Friday, June 29, 2007

UK infrastructure damage from flooding

Guardian, UK: The government was today accused of underestimating the scale of the floods that have swamped many parts of Britain after new figures showed as many as 3,500 people have been rescued by the fire service in the past few days.

The rescue effort was described as the biggest in peacetime Britain as another body, the sixth, was pulled from flood waters. Police divers recovered the body after reports that a man, believed to have been aged around 60, had fallen from a dinghy in Torksey, Lincolnshire.

Official data revealed that the fire service received more than 7,300 calls to flood-related incidents on Monday and Tuesday in England and Wales. The majority of the incidents were in Humberside, Yorkshire, Shropshire, Nottinghamshire and Gloucestershire….The Fire Brigades Union said its own research revealed that fire crews were working "to the point of collapse".

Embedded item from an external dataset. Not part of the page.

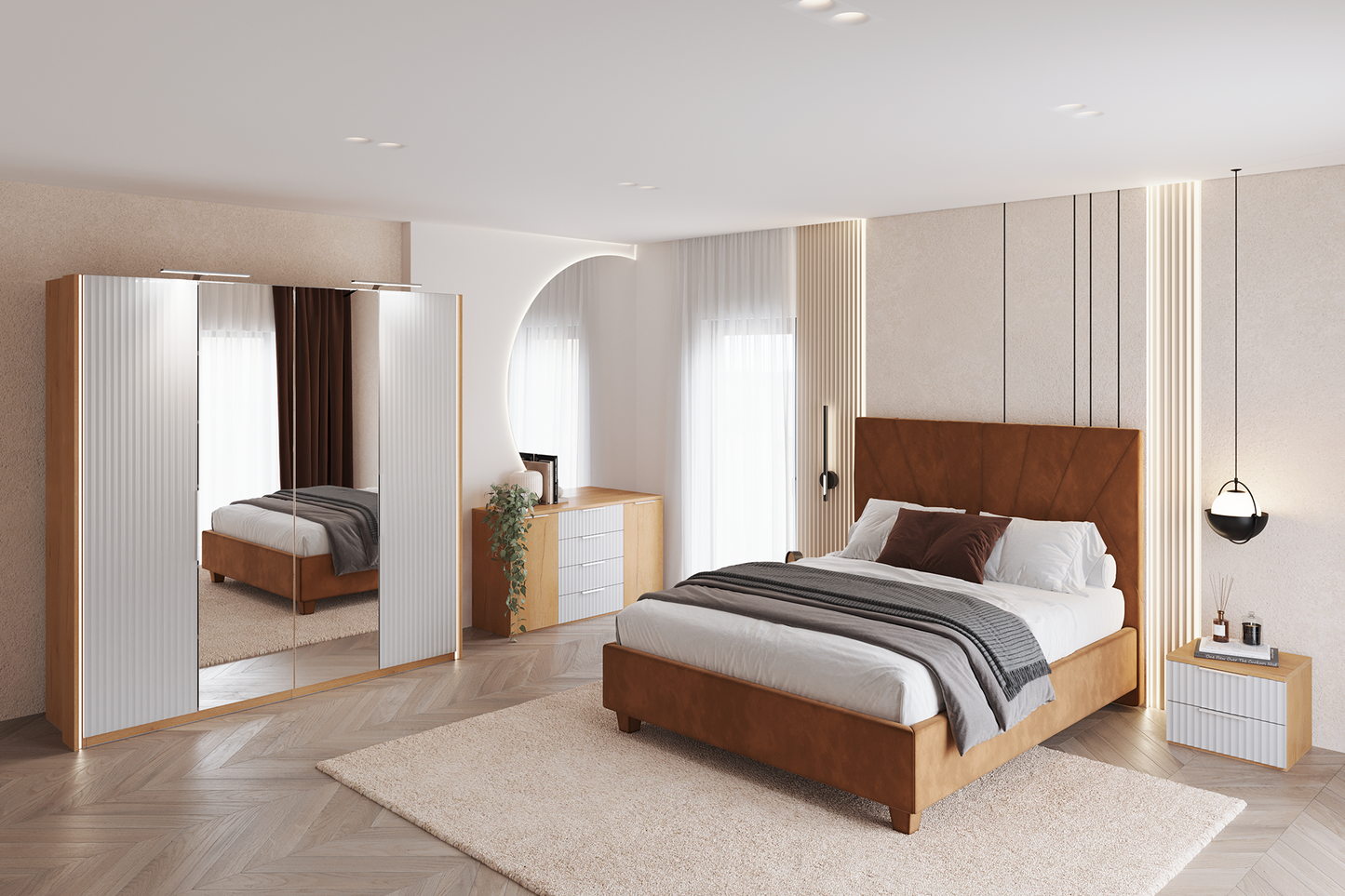 Dormitor Loft cu șifonier 4 uși L200 - Main Image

"The government has not understood the scale, gravity and severity of what has happened," the union's general secretary, Matt Wrack, said. "We have witnessed the biggest rescue effort in peacetime Britain by our emergency services, and it's not over yet.

Today, the head of the Environment Agency, Lady Young, described this week's floods as "a one in 150-year event". "No amount of flood defence preparation can withstand these very extreme events," she told the BBC. "We need more investment in flood defences and to think hard about building on flood plains."

She said this week's havoc was not caused by the failure of flood defences but by their "overtopping".

Mark Whyman, the assistant chief constable of South Yorkshire police, called for people to save electricity and share cars to reduce the strain on the county's "significantly damaged" infrastructure. He said the utility companies were working to restore services and some roads had "structural problems which would take some time to repair".